▶ _Data to process_

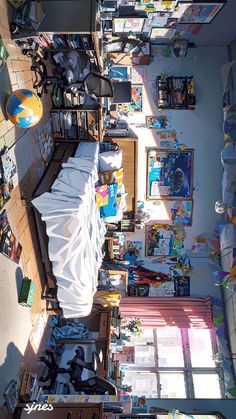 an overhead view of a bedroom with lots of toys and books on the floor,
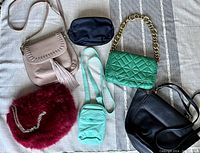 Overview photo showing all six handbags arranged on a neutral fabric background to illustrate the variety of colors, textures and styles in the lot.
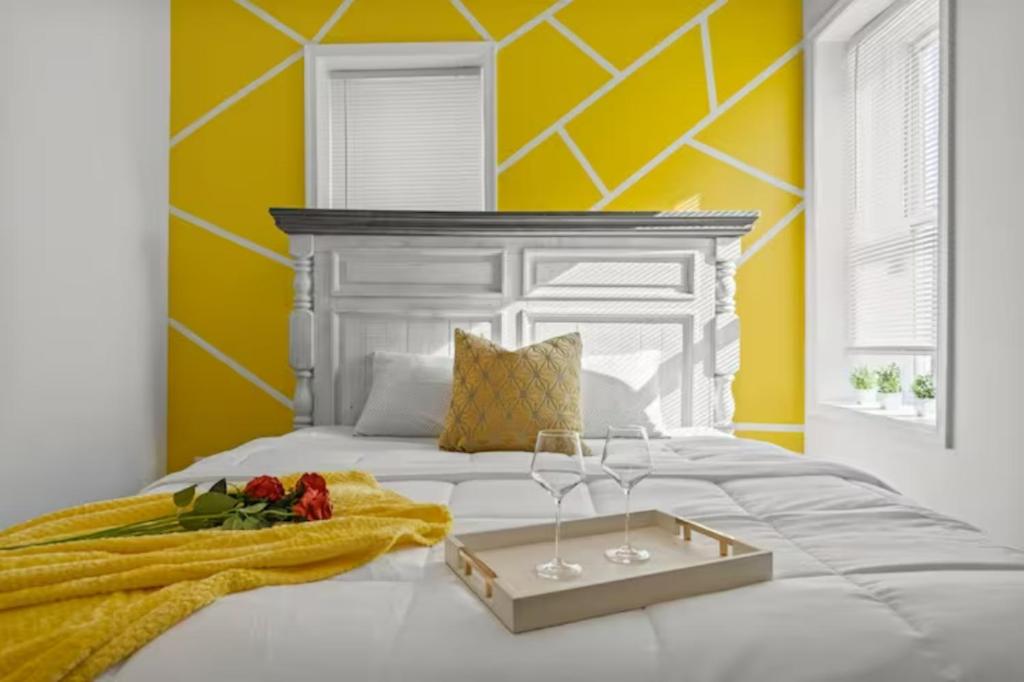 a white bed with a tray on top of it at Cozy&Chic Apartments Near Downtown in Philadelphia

* * *

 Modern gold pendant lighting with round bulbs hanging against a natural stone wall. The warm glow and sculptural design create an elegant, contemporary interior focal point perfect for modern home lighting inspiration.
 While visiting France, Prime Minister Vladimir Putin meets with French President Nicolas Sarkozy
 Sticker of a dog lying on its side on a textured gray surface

---

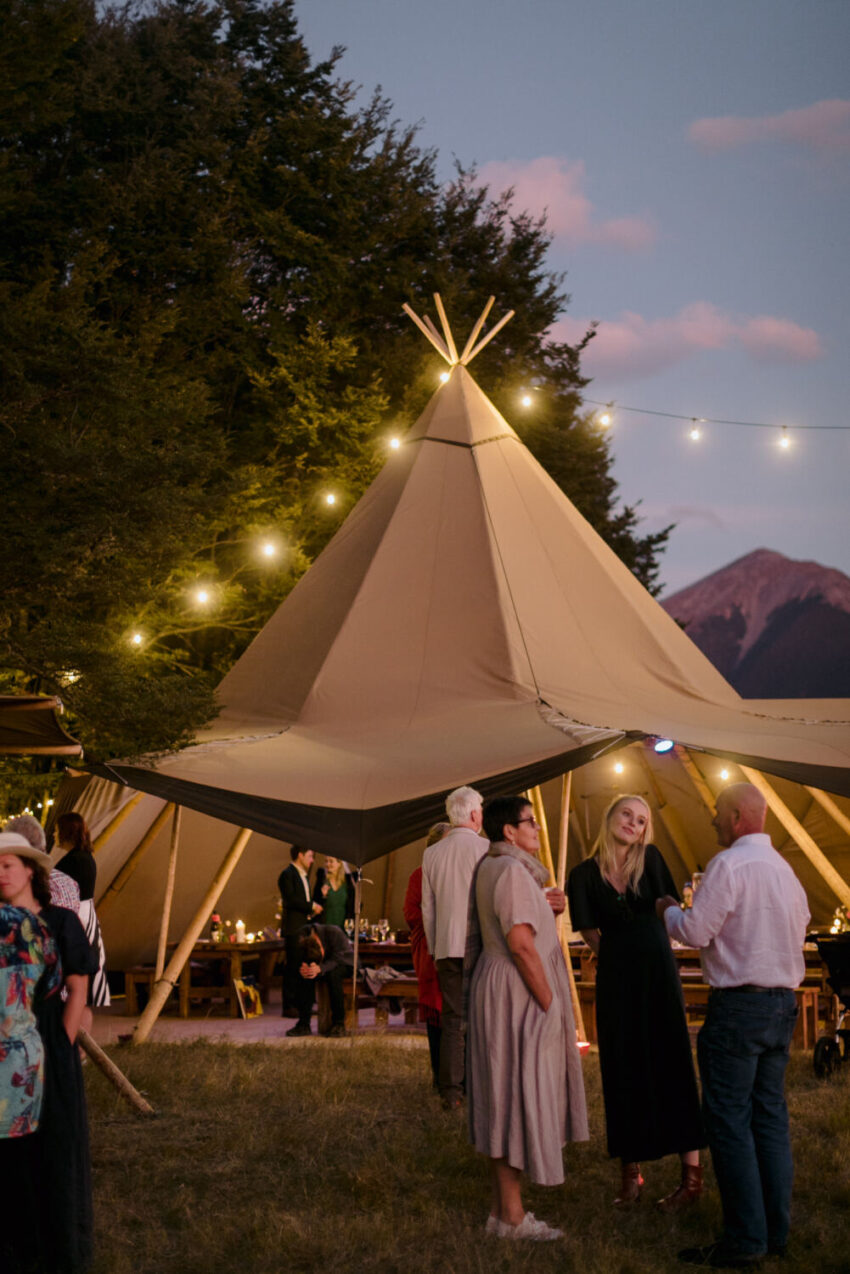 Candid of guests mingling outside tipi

▶ _Exercise_
Please return the material above only from the line that holds "an overhead view" through the line that holds "Overview photo showing", exactly as it stands, ends included and pictures omitted.

▶ _Solution_
 an overhead view of a bedroom with lots of toys and books on the floor,
 Overview photo showing all six handbags arranged on a neutral fabric background to illustrate the variety of colors, textures and styles in the lot.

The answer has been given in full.